Ross uses a particularly interesting mix of camera styles to subtly weave Katniss’ point of view with the external allegory. The movie begins with shaky, handheld cameras as we experience the initial reality of Katniss’ life in District 12, and then the Reaping. The moment she steps aboard the train to the Capitol, though, the camera quickly stabilizes and comes into sharp focus – the moment we begin watching her life unfold on television, instead of through her own eyes. Ross then returns to the close, shaky perspective for parts of the Games when the audience needs to be right there with Katniss, such as the opening bloodbath at the Cornucopia, her flight from the forest fire, and the trackerjacker hallucinations. For much of the Games, though, we are watching Katniss from afar with stable cameras – just like the audience in the Capitol.
The Hunger Games has too many great little moments to list them all, but these are a few of my favorites:
- The thirty-second countdown prior to the start of the Games, when Katniss has to walk away from Cinna and get into the tube to the arena, was brilliantly acted and filmed.
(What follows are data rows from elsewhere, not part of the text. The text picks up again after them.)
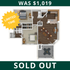 Limited time offer on a stylish 2D floor plan with 2 bedrooms, a cozy living area, modern kitchen, and spacious balcony. Now sold out.
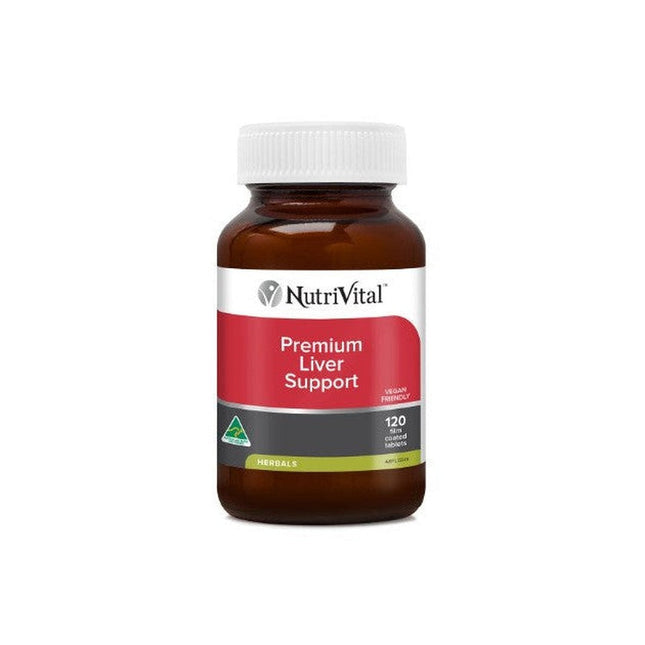 NutriVital liver support tablets in a sleek bottle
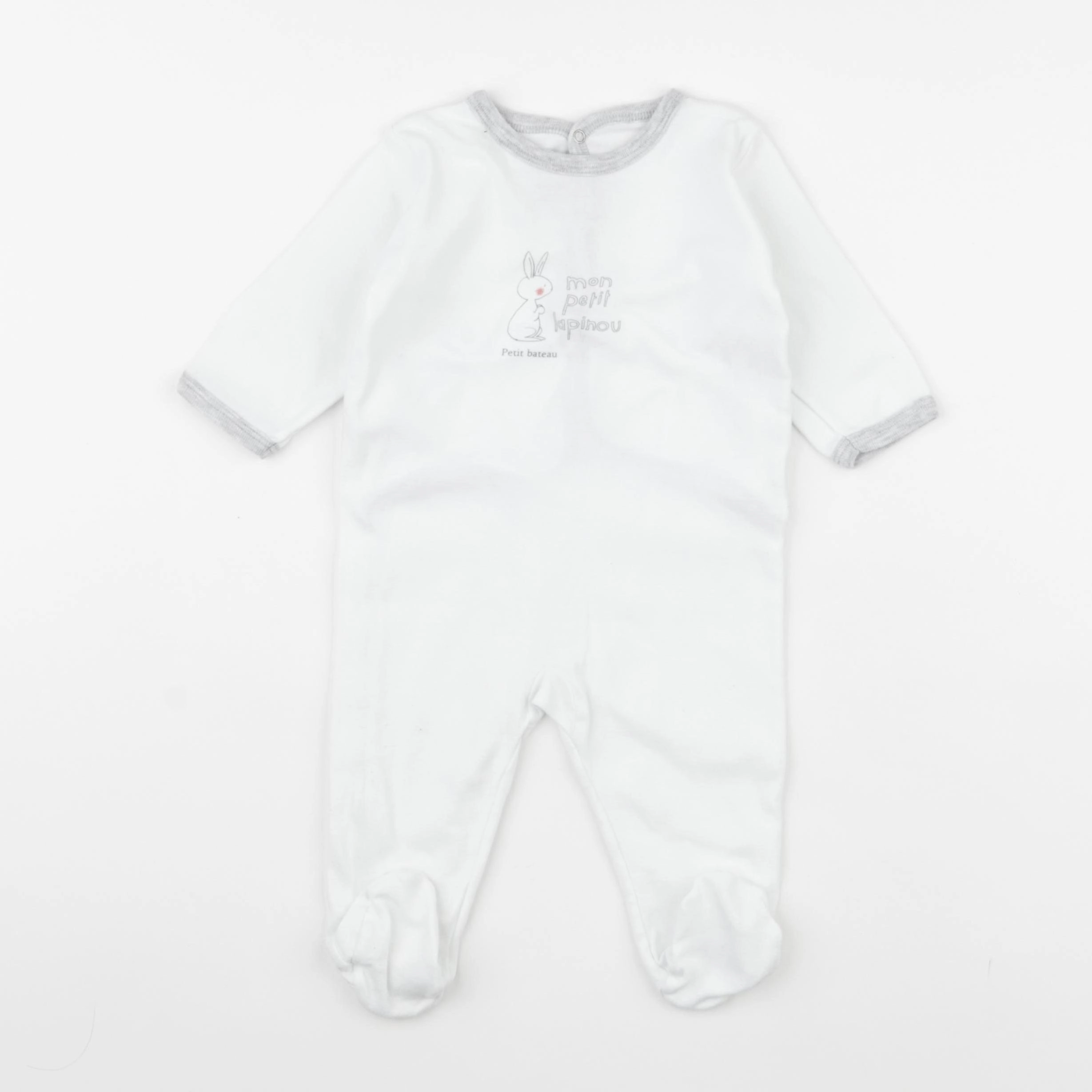 Petit Bateau - pyjama coton blanc - 6 mois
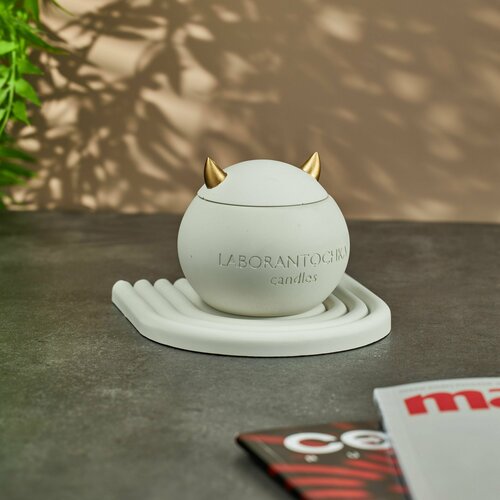 набор посуды доляна котики поднос 32×32×4 5 см чайный домик подставка под кружку в подарок Подставка для украшений LABORANTOCHKA candles, 2.5, белый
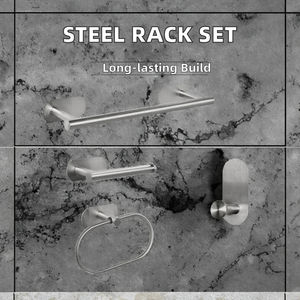 Ensemble de porte-serviettes mural moderne en acier inoxydable 304 avec crochets, organisateur de salle de bain pour hôtel - Type panneau sans clou - Product Image 2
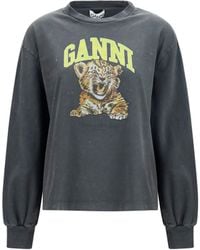 Ganni - Long-Sleeve Tiger-Print T-Shirt - Lyst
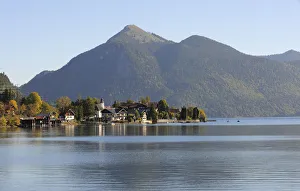 Lake Walchensee, Lake Walchen and the town of Walchensee, Jochberg mountain at the back Lake Walchensee, Lake Walchen and the town of Walchensee, Jochberg mountain at the back
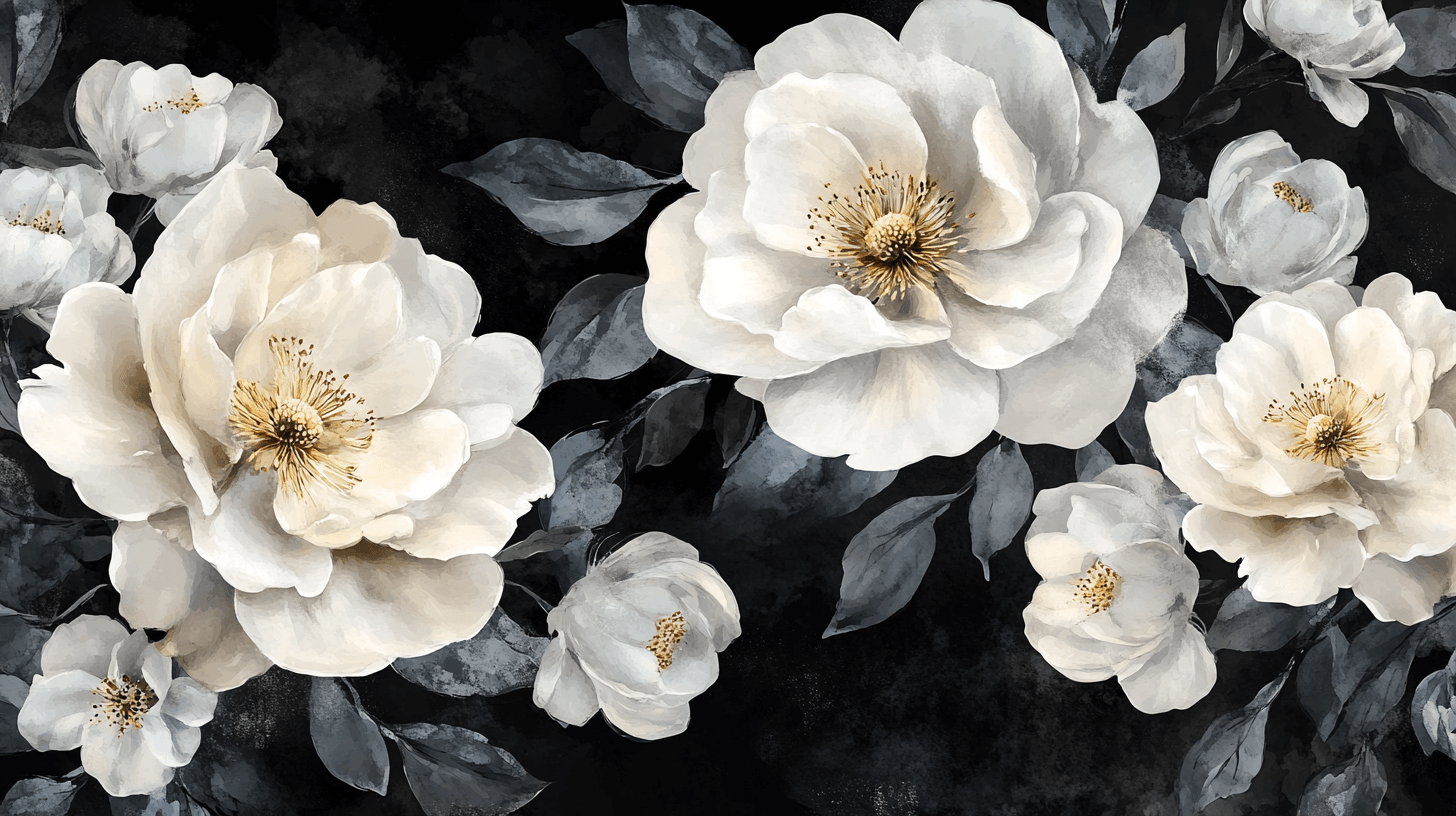 Papier Peint Aquarelle Fleurs Blanches Et Noires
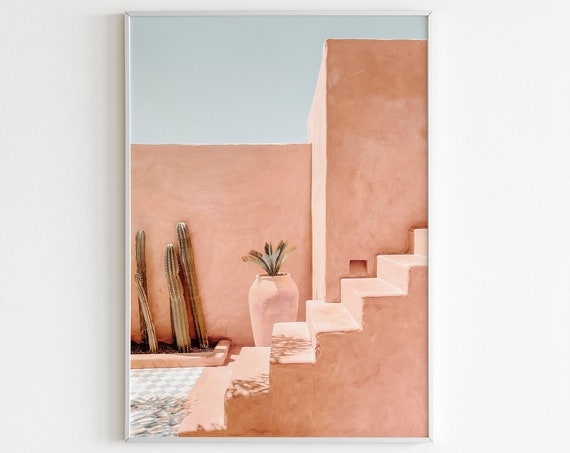 Terracotta Staircase Wall Art Cactus Print Stairs Print Cacti Print Architecture Wall Art Desert Art Pastel Tone Print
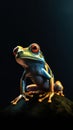 Realistic Frog on Dark Background.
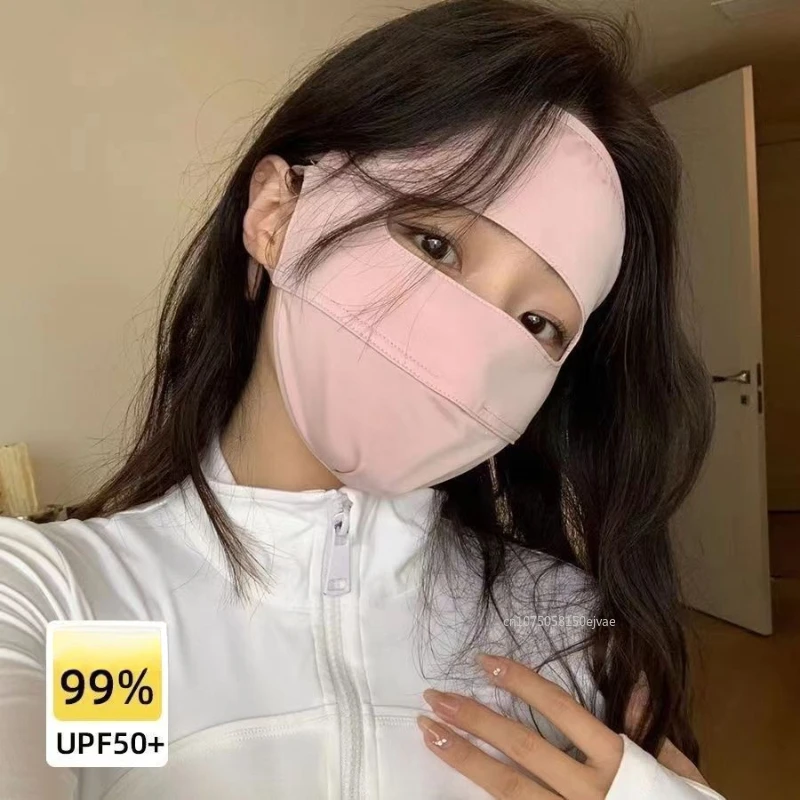 Летняя маска для лица с полным покрытием, ледяной шелк, защита от ультрафиолета, солнцезащитная маска, дышащая маска для лица, солнцезащитный козырек, велосипедная солнцезащитная маска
- The series of quick cutaways to Gale back in District 12 were very effective not only at keeping him present in the story, but also in revealing his character. At first, he cannot bring himself to watch the opening bloodbath, and perhaps too he is recalling some of his last words to Katniss, wondering what would happen if no one watched. Later, though, he does watch her in the Games, his expressions a mix of confidence, worry, and maybe a twinge of jealousy.
- The brand-new scenes with Snow and Seneca discussing the political function of the Games in Panem, and with Caesar and Claudius blathering on about the competition as though it is just some ordinary athletic tournament, make powerful additions to the story. They really drive home just how corrupt and twisted the Capitol has become.
- At several points Katniss looks directly into camera, and Ross uses the moment as a transition to another place, such as the Gamesmakers’ control room or the riot in District 11. The riots, and also the reactions of the controllers to Katniss, most powerfully reveal her impact on others while the heroine simply is invested in fighting to stay alive.
- In the train car, Haymitch pins Peeta to his chair with a bare foot. He may be a drunk with little hope for his new mentees at that point – but it shows the spark within him that allowed him to win the Games years earlier, and inspires him to become their assist from the outside on the path to victory.
Like any movie, of course, The Hunger Games is not perfect. For example, several relatively substantial components of the world-building of Panem – including the tesserae, the distribution of resource production among the Districts, and the legend of the supposedly destroyed District 13 – are referenced so obliquely that they will probably be missed by most viewers who haven’t read the books. Perhaps the most noticeable weakness in the film, though, especially coming from a Star Wars background, is that the special effects are disappointingly underwhelming. The expansive establishing shots of the Capitol do not have obvious flaws, but it’s clear they were kept brief in favor of physical sets and costumes. The flames on the two Girl on Fire outfits were meant to be visibly fake to the audiences in the Capitol, and yet they seemed incongruously unimpressive compared to all the high technology on display in and around the Games. The muttations at the end, though, were by far the weak point in the special effects – they were clearly computer-generated, and stuck out as such even amid the dark night of their scenes. If the Gamesmakers’ control room had seemed less advanced, then perhaps the insufficiently realistic-looking muttations would have fit in better. Instead, it breaks the immersion for the audience when it should be reinforcing it. In a movie sparse on special effects overall, these few weak points are not a significant defect. Still, Lionsgate might have been better served spending a few million dollars more for top-notch special effects in what was already a big-budget film.
The Hunger Games more than does justice to the book – it creates a visual, aural, and musical representation of the story that is emotionally powerful in its own right. It is a movie worth seeing again and again.